In January, consulting firm Gartner predicted that a quarter-billion connected cars will be on the road in 2020. Auto industry analyst Roger Lanctot of Strategy Analytics thinks that car companies need to accelerate their emulation of smartphone benefits. “Auto makers are the new deer in the headlights of the smartphone industry,” Lanctot wrote in a recent column, comparing the threat to car makers with Kodak’s failure to recognize digital realities. “Car makers need to gain a better grasp of the power and intimacy inherent in connectivity. Wireless carriers and handset makers have embraced and been empowered by this new customer experience. Car makers must do likewise.”

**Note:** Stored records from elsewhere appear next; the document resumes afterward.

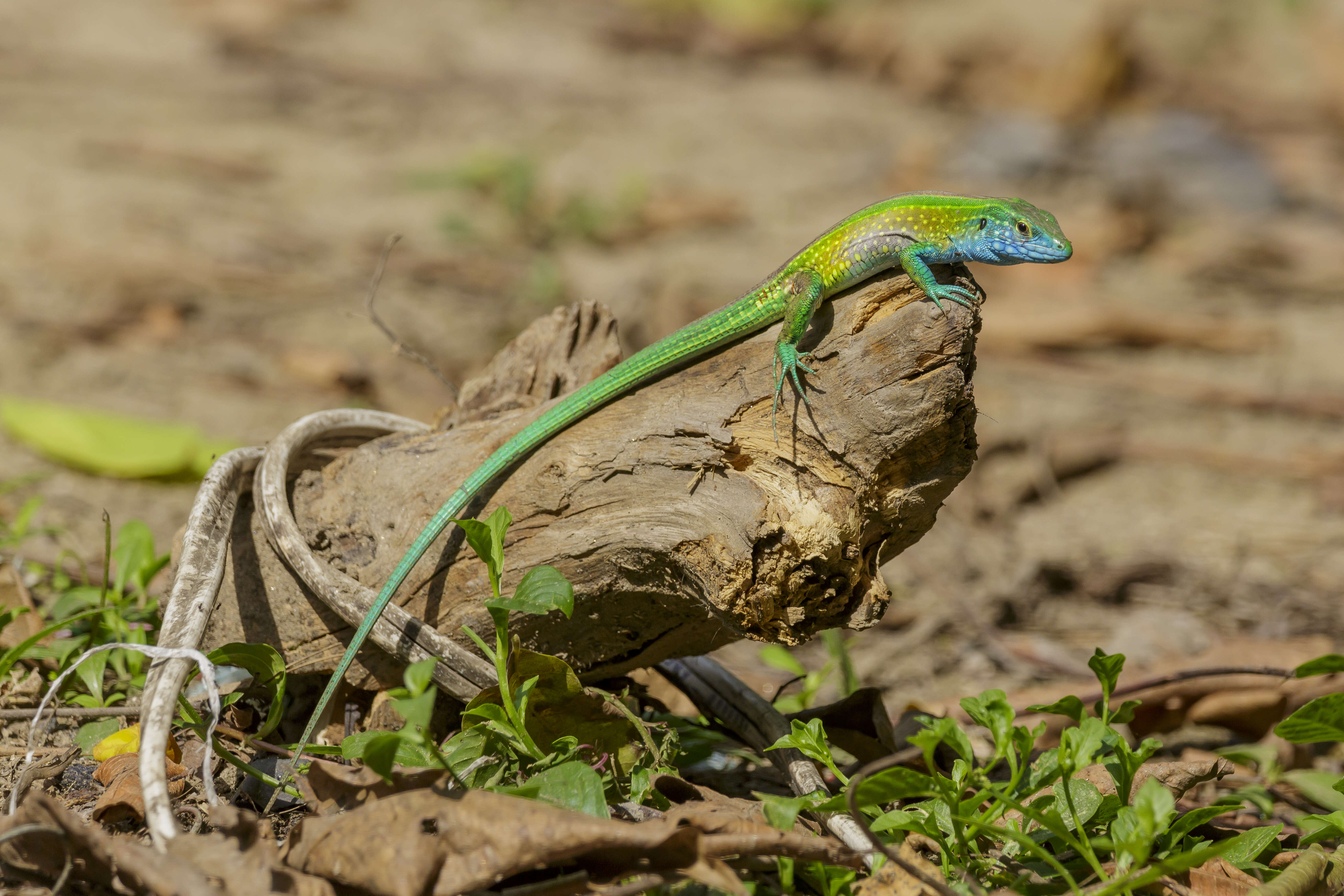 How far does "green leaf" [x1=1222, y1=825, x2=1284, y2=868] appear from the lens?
2.37m

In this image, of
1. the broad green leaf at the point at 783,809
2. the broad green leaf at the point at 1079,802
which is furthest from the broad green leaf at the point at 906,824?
the broad green leaf at the point at 1079,802

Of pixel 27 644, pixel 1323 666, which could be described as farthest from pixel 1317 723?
pixel 27 644

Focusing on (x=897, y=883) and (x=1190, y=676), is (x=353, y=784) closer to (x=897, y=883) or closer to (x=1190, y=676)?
(x=897, y=883)

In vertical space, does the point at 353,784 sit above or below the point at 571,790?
below

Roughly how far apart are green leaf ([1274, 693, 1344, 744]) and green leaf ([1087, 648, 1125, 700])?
0.38 m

What about adoption on the consumer side? In October, Nielsen reported survey results indicating that among newer-car buyers, use of streaming was high. In a sample of connected-car owners, 72% said they use streaming audio regularly; 36% every time in the vehicle.

An Ipsos survey in 2020 might yield different results. At that time, if car longevity remains steady, the average car will be five years more advanced in streaming friendliness. In the meantime, today’s owners of 11.4-year-old cars will be buying new ones with dashboard experiences that provide audio choices that people use outside the car. (Edison Research just announced that 53% of American adults listen to online radio at least monthly.)

Audio is more vibrant than ever. Slow replacement of expensive cars makes the in-car experience lag behind the rapid iterations of computers, phones, tablets, and connected-speakers. But cars are in the same disruptive and progressive wave of change.